ADVA Optical Networking's senior principal engineer, Klaus Grobe, held a discussion with the company's physicists, and both, independently, had the same opinion.
"Both [photonics and optics] are not strictly defined," he says. "Optics clearly also includes classic school-book ray optics and the like. Photonics already deals with photons, the wave-particle dualism, and hence, at least indirectly, with quantum mechanics, and possibly also quantum electro-dynamics (QED)."
Since in fibre-optics for transport, ray-propagation models no longer can be used, and also since they rely on the quantum-mechanical behaviour, for example of diode receivers, fibre-optics are better filed under photonics, says Grobe: "But they are not called fibre-photonics".
So, the industry view seems to be that the two terms are interchangeable but optics implies the classical nature of light while photonics suggests light as particles.
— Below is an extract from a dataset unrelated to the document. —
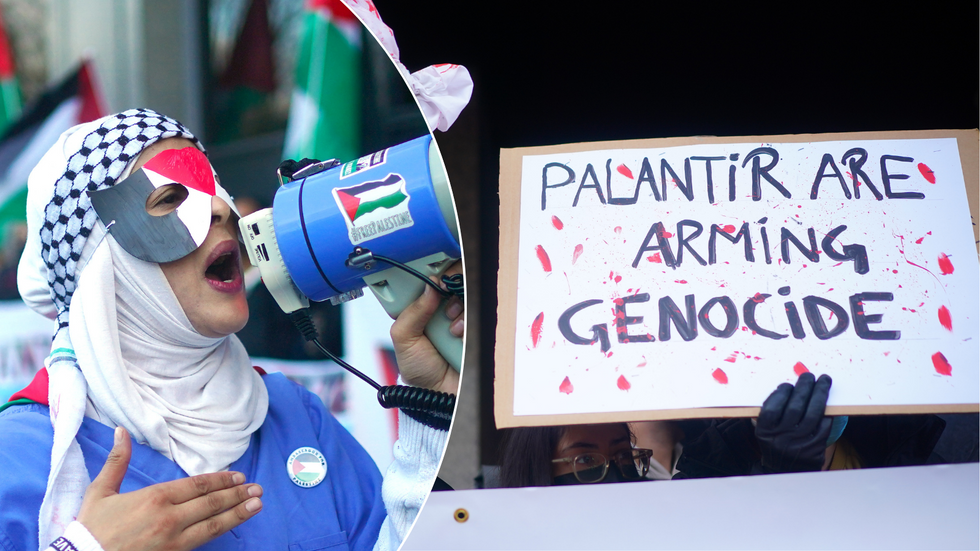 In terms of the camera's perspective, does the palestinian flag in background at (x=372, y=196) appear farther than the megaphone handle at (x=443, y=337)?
No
Which term includes both seems to be down to opinion. Some believe optics covers both, others believe photonics is the more encompassing term.
Mellanox's Asghari once famously compared photons and electrons to cats and dogs. Electrons are like dogs: they behave, stick by you and are loyal; they do exactly as you tell them, he said, whereas cats are their own animals and do what they like. Just like photons. So what is his take?
He believes optics is more general than photonics. He uses the analogy of electrical versus electronics to make his point. An electronics system or chip is still an electrical device but it often refers to the integrated chip, while an electrical system is often seen as global and larger, made up of classical devices.
"For me, optics is the equivalent of electrical, and photonics is the equivalent of electronics - LSI, VLSI chips and the like," says Asghari. "One is a subset or specialised version of the other due to the need to get specific on the quantum nature of light and the challenges associated with integration."
"Optics refers to all types of cats, be it the tiger or the lion or the domestic pet. Photonics refers to the so called domestic cat that has domesticated and slaved us to look after it" - Mehdi Asghari
To back up his point, Ashgari says take a look at older books and publications that use the term optics. The term photonics started to be used once integration and size reduction became important, just as how electrical devices got replaced with electronic devices.
Indeed, this rings true in the semiconductor industry: microelectronics has now become nano-electronics as CMOS feature sizes have moved from microns to nanometer dimensions.
And this is why optical fibre or the semiconductor optical amplifier are used because these terms were invented and used when the industry was primarily engaged with the use of light at a system level and away from the quantum limits and challenges of integration.
"In short, photonics is used when we acknowledge that light is made of photons with all the fun and challenges that photons bring to us and optics is when we deal with light at a system level or a classical approach is sufficient," says Asghari.
Happily, cats and dogs feature here too.
"Optics refers to all types of cats, be it the tiger or the lion or the domestic pet," says Asghari. "Photonics refers to the so called domestic cat that has domesticated and slaved us to look after it."
Last word to Infinera's Bennett: "I suppose the moral is: be aware of the different meanings, but don’t let it bug you when people misuse them."